Update: ADC Therapeutics’ IPO Hits Above Target with €215M

adc therapeutics ipo cancer

Update (15/05/2020): The Swiss biotech ADC Therapeutics has priced its IPO on the New York Stock Exchange far above the initial target of €172M, raising a total of €215.2M ($232.7M).

ADC Therapeutics ended up offering more than 12 million shares at a price of €17.57 ($19) per share, which was higher than the €16.65 ($18) maximum it expected per share. 

While the IPO beat expectations amid the uncertainty caused by the Covid-19 pandemic, it remains to be seen how the company’s stock prices perform in the coming months.


Published 14/05/2020

The Swiss company ADC Therapeutics will attempt to raise up to €172M in an IPO on the New York Stock Exchange (NYSE), following its Nasdaq IPO withdrawal last October. 

According to the company’s latest update, ADC Therapeutics had an initial maximum target of around €120M. However, MarketWatch and Renaissance Capital today reported that ADC Therapeutics is offering more shares, increasing its maximum target to €172M.  

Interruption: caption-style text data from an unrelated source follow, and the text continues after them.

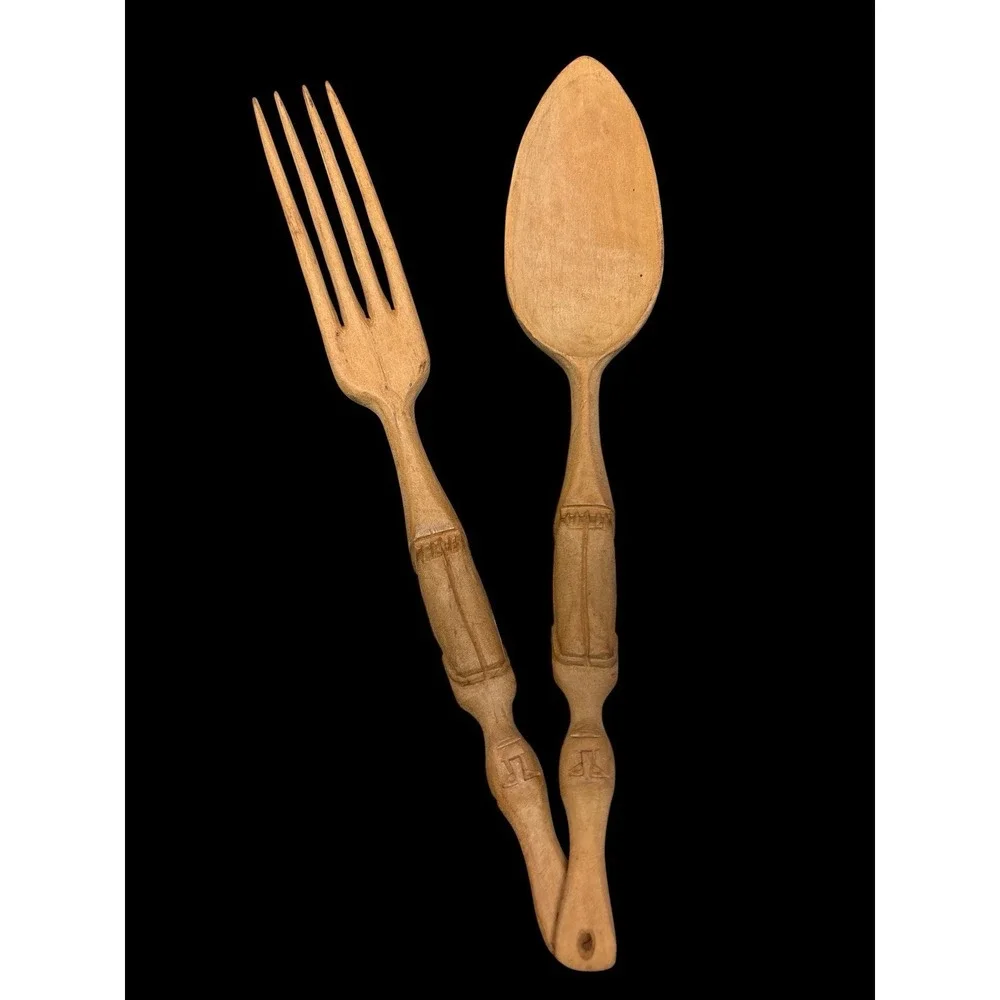 Carved Wooden Tribal Serving Utensils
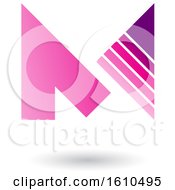 Poster, Art Print Of Striped Magenta And Purple Letter M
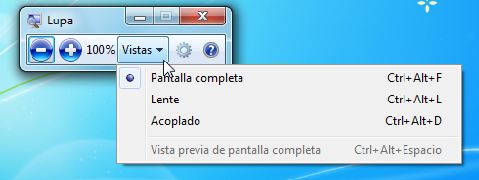 Herramientas de Widows 7: Lupa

The funds will be used to complete a pivotal phase II trial of the company’s lead candidate Lonca in patients with the blood cancer diffuse large B-cell lymphoma, and ultimately bring the drug to the US market.

Lausanne-based ADC Therapeutics specializes in the development of antibody-drug conjugates, in which an antibody is attached to a chemotherapy drug. The antibody is designed to selectively bind to tumor cells, and once bound, the drug is internalized by the tumor where it releases its toxic effects. The specificity to the tumor means the treatment minimizes toxicity to healthy cells, reducing potential side-effects.

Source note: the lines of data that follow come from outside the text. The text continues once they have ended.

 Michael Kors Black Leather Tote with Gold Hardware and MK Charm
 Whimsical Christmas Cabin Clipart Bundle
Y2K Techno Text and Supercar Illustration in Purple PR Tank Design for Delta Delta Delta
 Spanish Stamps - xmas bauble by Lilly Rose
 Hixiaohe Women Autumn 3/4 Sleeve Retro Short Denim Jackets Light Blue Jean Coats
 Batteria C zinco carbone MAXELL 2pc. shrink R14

The company has a number of other candidates, targeting both blood cancers and solid tumors, in either the preclinical stage or early clinical trials. The funds raised from the IPO will also be used to further the development of these products.

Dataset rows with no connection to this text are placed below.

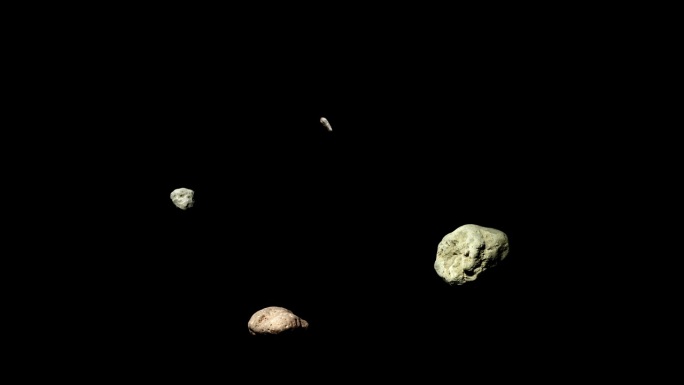 四颗小行星在轨道上和围绕它们的轴旋转，在黑色的背景上被隔离。一组4个旋转，飞行的小行星。空间模式。4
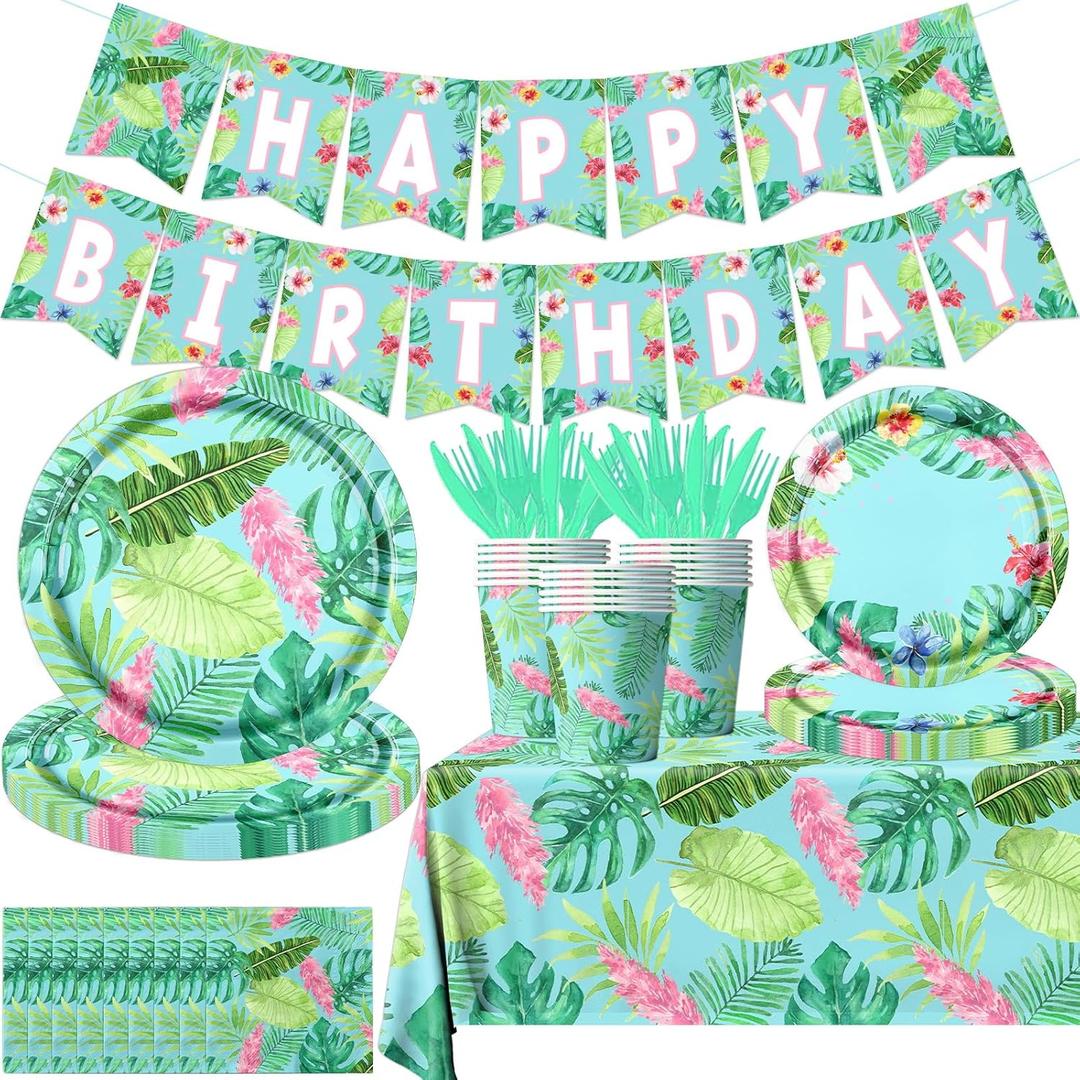 142Pcs Hawaiian Birthday Party Plates and Napkins Tropical Luau Party Decorations Palm Leaves Tableware for Summer Beach Birthday Hawaiian Luau Party Supplies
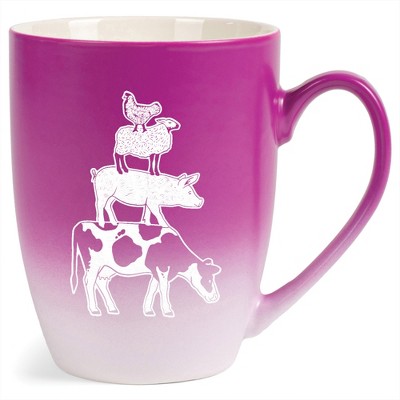 Elanze Designs 12 Ounce Ceramic Decorative Laser Engraved Cow Pig Sheep Chicken Giftable Novelty Tea Coffee Cup Mug Pink and White Stacked Farm Animal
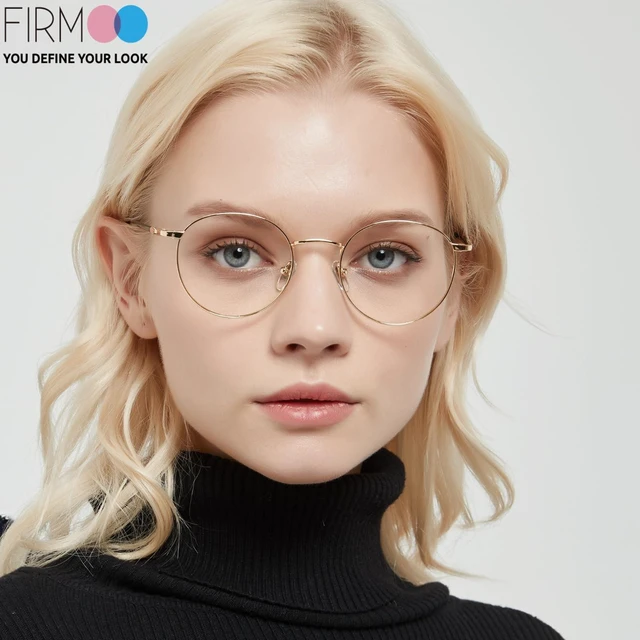 Alt view image 2 of 5 - Firmoo Blue Light Blocking Glasses for Computer Reading Retro Metall Round Frame for Women Men(Gold 1.0x)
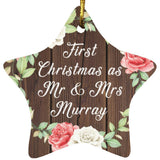 First Christmas As Mr & Mrs Murray - Star Ornament A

Despite closing a €271M ($303M) Series E funding round in July 2019, adverse market conditions in October 2019 led ADC Therapeutics to withdraw its Nasdaq IPO.

The biotech’s IPO accompanies a €106M loan agreement made with the US firm Deerfield Management Company at the beginning of this month. Of the total loan, ADC Therapeutics can expect €60M upon completing its IPO, and another €46M once Lonca gets regulatory approval, amongst other conditions.  

ADC Therapeutics might now be hoping that, despite current financial uncertainty due to the Covid-19 epidemic, the IPO funds are sufficient to grow the company. And if the first few months of 2020 are anything to go by, it may have little need for concern.

Pierre Kiecolt-Wahl, Partner and Managing Director of Equity Capital Markets at UK investment firm Bryan, Garnier & Co, told me that it’s pretty much “business as usual” for biotech companies issuing IPOs at the moment.

Overall, “volumes are slightly down, but this is not a market that has closed at all,” he said, noting that pricing discounts have widened, which is likely a result of slightly increased risk.

Indeed, four healthcare companies made it into the top 10 largest IPOs of the past three months. These include the US firms Oric Pharmaceuticals, Imara, and Passage Bio, along with the Israeli oncology company Ayala Pharmaceuticals. 

Ayala in particular raised 10% more than expected from its Nasdaq IPO last week, with a final total of €51M ($55M).

Kiecolt-Wahl also noted that IPOs have slowed, but continue to be issued in both Europe and Asia, including Hong Kong and China. He suggested that, in Europe, the slowing may be due in part to the fact that it is annual general meeting season. In Hong-Kong, meanwhile, the due diligence process requires the sponsor to visit the laboratory, which is currently difficult due to travel restrictions relating to Covid-19.

European public markets have also provided some post-IPO windfalls for biotech companies in recent weeks. This month, for example, the Swedish company Oncopeptides raised an impressive €133M in a share issue on Nasdaq Stockholm.